Daraufhin brauchte Tove einen Genever und beschloss kurzerhand, dass der Signora auch einer guttun würde. Die beiden prosteten sich zu, dann meinte Tove nachdenklich: »Sie glauben also, Magdalena Feddersen ist eine Frau, die ein Baby zur Adoption freigegeben hat? Und ihre leibliche Tochter hat sie erschlagen?«
Carlotta nickte. »Ich weiß, dass Valerie in Heimen aufgewachsen ist, das hat mir Lucia erzählt. Sie leidet sehr darunter, keine eigene Familie zu haben. Natürlich wird sie ihre leibliche Mutter hassen, die sie einfach weggegeben hat.«
»Und Gero Fürst?«, fragte Tove. »Der weiß, was Valerie Feddersen getan hat?«
Mamma Carlotta nickte. »Er verabscheut sie deswegen. Aber da er sie einmal geliebt hat, wird er sie nicht verraten.«
»Und was ist mit dem zweiten Mord?«, fragte Tove. »Hat den auch Valerie Feddersen begangen?«
Diese Frage kam Mamma Carlotta ungelegen. Als Tove sie aussprach, wurde ihr klar, dass sie schon länger in ihrer Körpermitte rumorte. Wie passte Donata Zöllners Tod in dieses Bild? Welche Verbindung gab es zwischen ihr und Valerie?
Mamma Carlotta verzog das Gesicht. »Dummerweise gibt es da noch ein Problem. Valerie Feddersen hat ein Alibi. Sie war in der fraglichen Nacht in Niebüll. Das behauptet sie jedenfalls, und mein Schwiegersohn glaubt ihr. Ihre Freundin, die sie in Niebüll besucht hat, behauptet es auch. Und da ihr außerdem in dieser Nacht in Niebüll das Auto gestohlen wurde …«
Mamma Carlotta sprach nicht weiter, denn in diesem Augenblick kam ein Mann herein, den sie kannte. Er trug einen nagelneuen hellen Sommeranzug, eine grell gestreifte Krawatte und ein dunkles Seidenhemd. Die kurzen Haare hatte er mit viel Gel frisiert, so gleichmäßig und symmetrisch waren sie aufgestellt wie bei einem Kaktus. Die linke Hand steckte in der Hosentasche, mit der rechten Faust schlug er im Vorübergehen herausfordernd auf jeden der Stehtische.

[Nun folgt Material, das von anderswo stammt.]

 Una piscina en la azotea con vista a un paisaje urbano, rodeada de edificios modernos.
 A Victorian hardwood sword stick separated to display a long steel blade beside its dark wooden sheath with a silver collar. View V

»Einen Garnelenspieß«, rief er, »und einen Schampus dazu!«
Tove betrachtete ihn von Kopf bis Fuß. »Ist bei dir der Reichtum ausgebrochen?«
Kurt Fehring zündete sich eine Zigarette an. »Du sagst es.« Er sah sich nach einem Aschenbecher um und benutzte, als er keinen fand, einen der Blumentöpfe, in denen blaue Veilchen standen, deren künstliche Blüten vom Frittierfett glänzten. »Wahrscheinlich werde ich demnächst bei Gosch am Kliff meine Garnelenspieße essen.«
»Das wirst du wohl müssen. Bei mir stehen sie nämlich nicht auf der Karte. Wie wär’s mit einem Fischbrötchen?«
Fehring verzog den Mund. »Die stinken!«
Mamma Carlotta erschrak, als Tove mit einer blitzschnellen Bewegung über die Theke nach Fehrings Kragen griff. »Du spielst hier nicht den dicken Max, Frettchen! Klar? Wenn dir meine Fischbrötchen nicht passen, brauchst du meinen Schampus auch nicht zu trinken.« Er versetzte Fehring einen Stoß, sodass er ein paar Schritte zurücktaumelte. »Und jetzt kannst du dir noch mal überlegen, ob du lieber gleich zu Gosch gehst. Im Übrigen gilt auch in meinem Imbiss das Rauchverbot! Und daran hast du dich zu halten – wie alle anderen! Geraucht wird nur draußen!«
Fehring drückte seine Zigarette aus. »Ist ja schon gut. Du verstehst wohl überhaupt keinen Spaß mehr?«
»Nicht von Leuten, die zu dämlich sind, ein Auto zu klauen«, knurrte Tove.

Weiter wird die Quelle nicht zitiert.